For those that own a cottage in Northern Michigan, there is good news for cottage inheritance. There are two recent changes to the way property taxes are levied in Michigan, both of which give significant opportunities to owners of vacation or other residential property who wish to keep the property in the family.

The Michigan Legislature recently passed two bills designed to provide relief from the “uncapping” of residential property value in a limited number of transfers of ownership. The intent of these changes is to exempt from uncapping those transfers of ownership of residential property to younger members of the same family. Without these exemptions, children would often face an increase in property taxes of 3, 4 or even 5 times the amount paid by their parents prior to the parents’ death.

The first change to uncapping laws came in bill PA (2012) 497, which exempted transfers of ownership of property among qualifying family members so long as the use of the property didn’t change following the transfer. The qualifying individuals included the owner’s spouse, father or mother, father or mother of the spouse, son or daughter, including adopted children and son or daughter of the spouse. However, guidelines were soon issued to local tax assessors that required the transfer to take place while a parent was alive, and all transfers by inheritance (by will, intestate succession or by distribution from a trust) were said to be not covered by the exemption. Thus, it quickly became apparent PA 497 did not address the manner in which many property owners transferred that property to their children.

The second change to the uncapping laws became effective on January 1, 2015 and is known as PA (2014) 310. It expanded the group of relatives who are eligible to benefit from PA 497, and allows property owners to leave residential property to eligible relatives in a trust or will without uncapping the property taxes on the death of the owner. Under the new law, the eligible relatives include the owner’s spouse, the owner’s or spouse’s mother, father, brother, sister, son, daughter, adopted son, adopted daughter, grandson or granddaughter. It also added a requirement that the property may not be used for any commercial purpose following the transfer. The new law now also exempts from uncapping a change of beneficiaries of a trust that owns Michigan property, so long as the new beneficiaries are in the same group of relatives.

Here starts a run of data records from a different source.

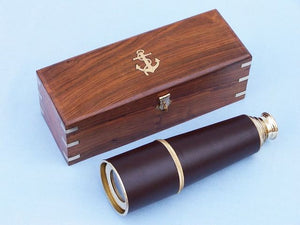 Deluxe Class Admiral's Brass - Leather Spyglass Telescope 27" w/ Rosewood Box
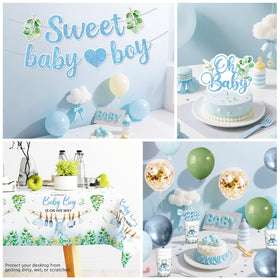 Xynic baby shower banner adds a cheerful focal decor element.
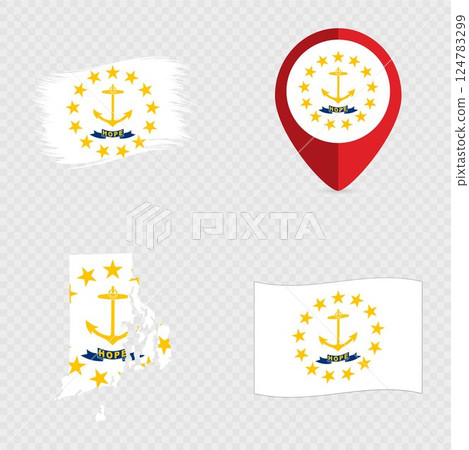 Rhode Island State Flag Icon Set. 124783299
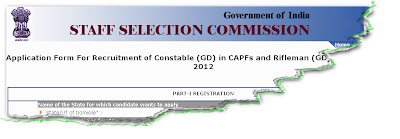 SSC CAPF Constable Online Form 2012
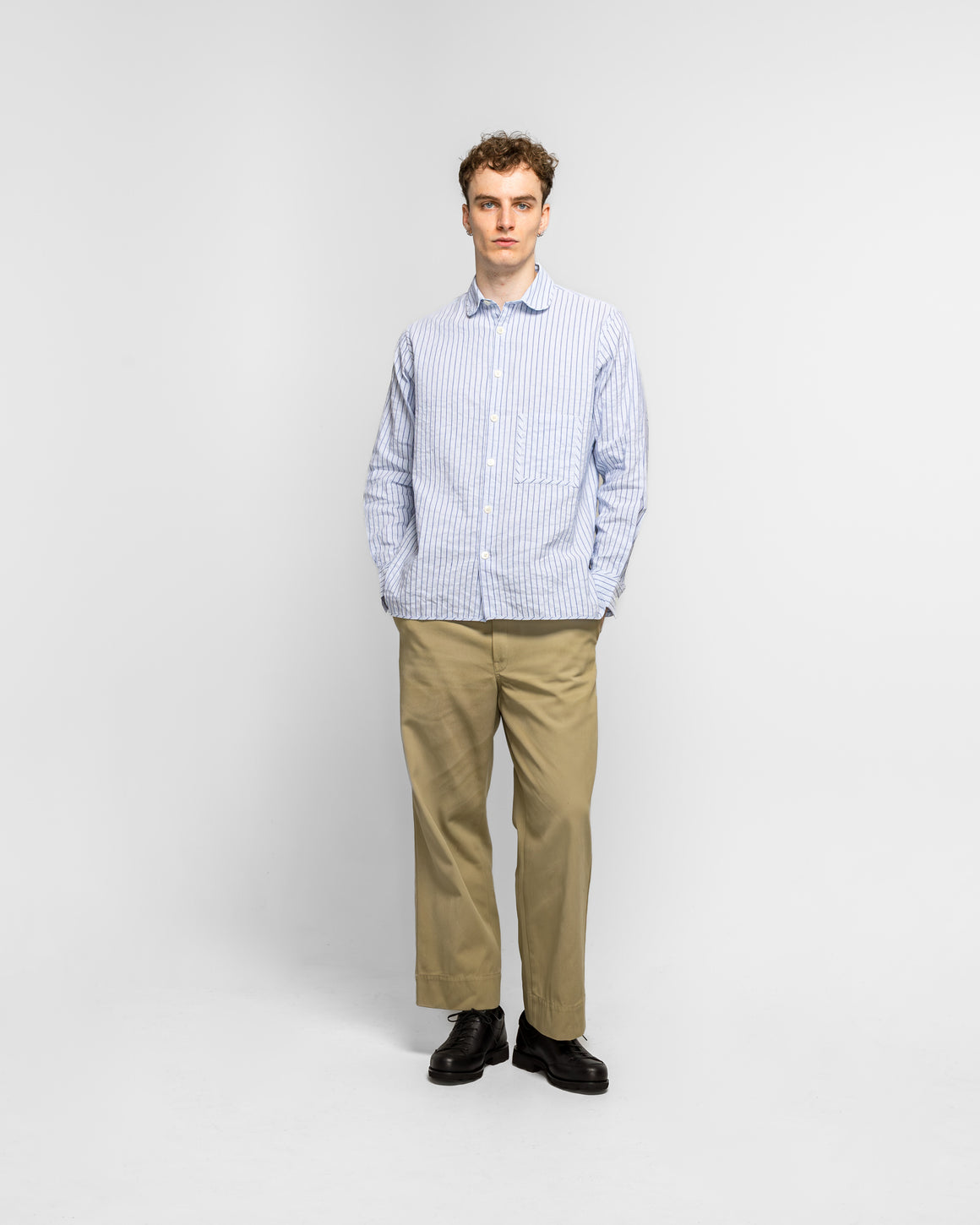 Dudley Coppice - The Gardeners Shirt - Blue Raised Stripe - UP THERE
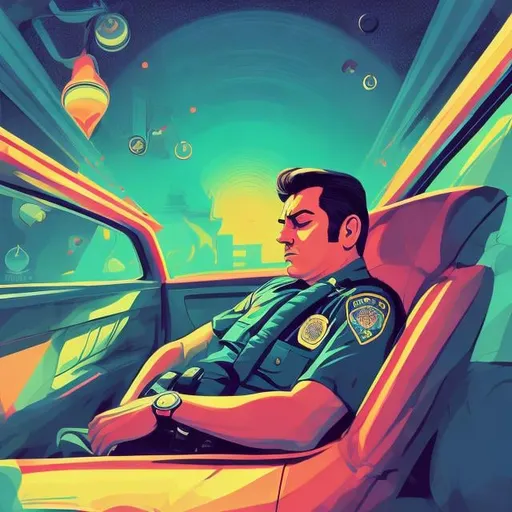 Prompt: Full color illustration, a police officer sleeping heavily in a car, arm out the car window, in the style of 60s kitsch and psychedelia, sharp lighting, highest quality, ultra sharp, ffffound, ultra detailed, magical universe, Dynamic pose, bright and uplifting color hues, misc-geometric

There are some issues that still need additional clarification, such as what activities constitute “commercial use” of the property (does renting the property for a few weeks a year amount to “commercial use”?), and when does a transfer actually occur (on the parent’s death or on the distribution of the property from the estate?), but property owners now have an opportunity to transfer property to the next generation without worrying about a property tax increase that may make it impossible to keep the property in the family.